The Corona Wind Projects is a collection of 2.2-gigawatt wind farms being developed by Pattern Energy in New Mexico near Corona, New Mexico in Lincoln County, Guadalupe County and Torrance County, New Mexico. It received unanimous approval October 5, 2018 by the New Mexico Public Regulation Commission (PRC). However, the PRC rejected and requested that SunZia resubmit a more detailed application to build a 500-mile-long transmission line to carry the power to California.

If built, the project would include 950 wind turbines.
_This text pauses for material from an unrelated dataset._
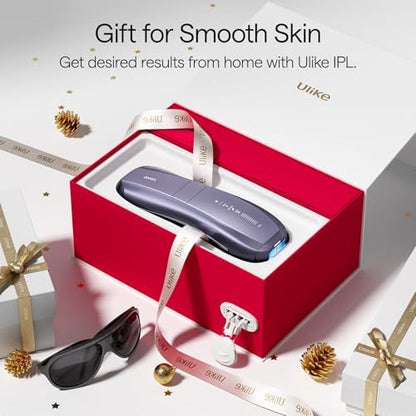 Ulike Laser Hair Removal, Air 10 IPL Hair Removal for Women and Men, 65F Ice-Cooling Contact, Dual Lights, Skin Sensor & SHR Mode* for Nearly Painless, Effective & Long-Lasting Hair Removal from Home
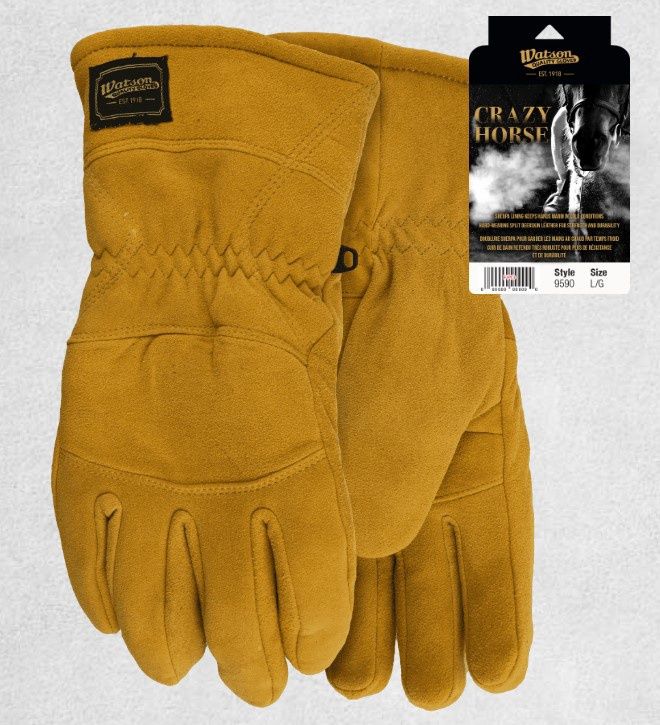 Watson Crazy Horse Sherpa Lined Glove 9590, Colour: Tan, Size: S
As an example of the available wind energy in New Mexico, the Red Cloud wind farm has a capacity factor of 46%.

Pattern Energy previously purchased the rights to the Mesa Canyons Wind Farm from Clean Line Energy Partners in May 2018.  The Mesa Canyons Wind Farm is a 1 GW wind farm just north of Corona.  This combined with the Corona Wind Project gives the 3 GW of energy that is projected to be exported to the west via the SunZia power line.

Pattern Energy have already sold 200 MW of the 2.2 GW capacity via 15-year Power Purchase Agreements to Silicon Valley Clean Energy (SVCE) and Monterey Bay Community Power (MBCP). Pattern Energy bought the 3 GW SunZia transmission project in July 2022.